:: How to complete this task ::
The output is a word-for-word repeat of the listing below, free of images.
*** Opening Supplied information ***
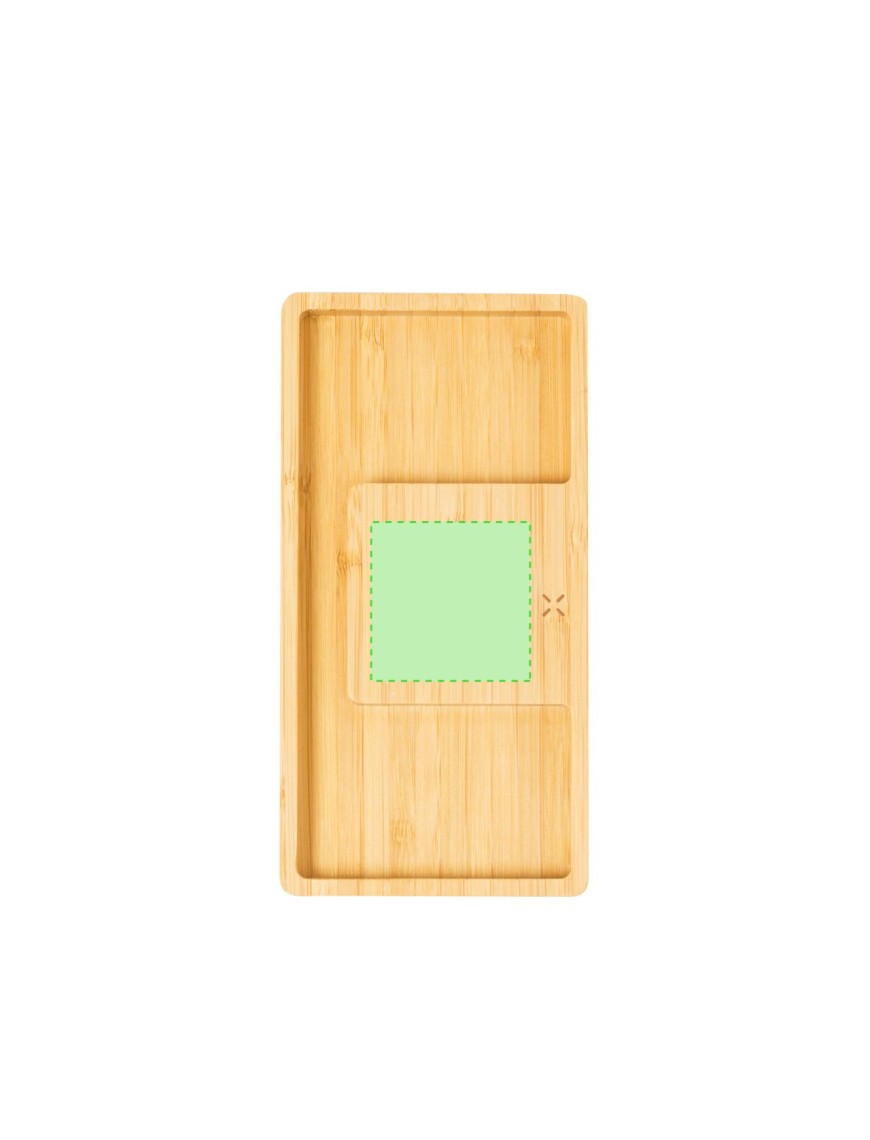 Organizer Charger Treit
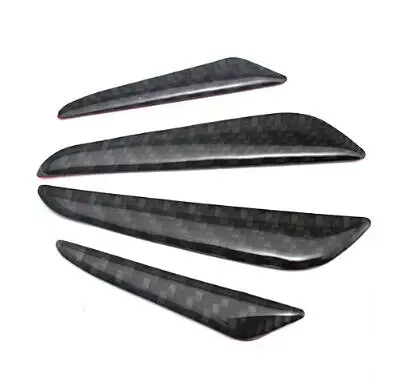 

Car Door Side Edge Protection Guards Stickers for Chevrolet Cruze Aveo Trax Malibu / Opel Mokka ASTRA J Insignia CAR Accessories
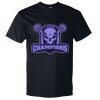 Unisex Hammer™ T-Shirt Thumbnail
*** Closing Supplied information ***
:: Task solution ::
 Organizer Charger Treit

Car Door Side Edge Protection Guards Stickers for Chevrolet Cruze Aveo Trax Malibu / Opel Mokka ASTRA J Insignia CAR Accessories
 Unisex Hammer™ T-Shirt Thumbnail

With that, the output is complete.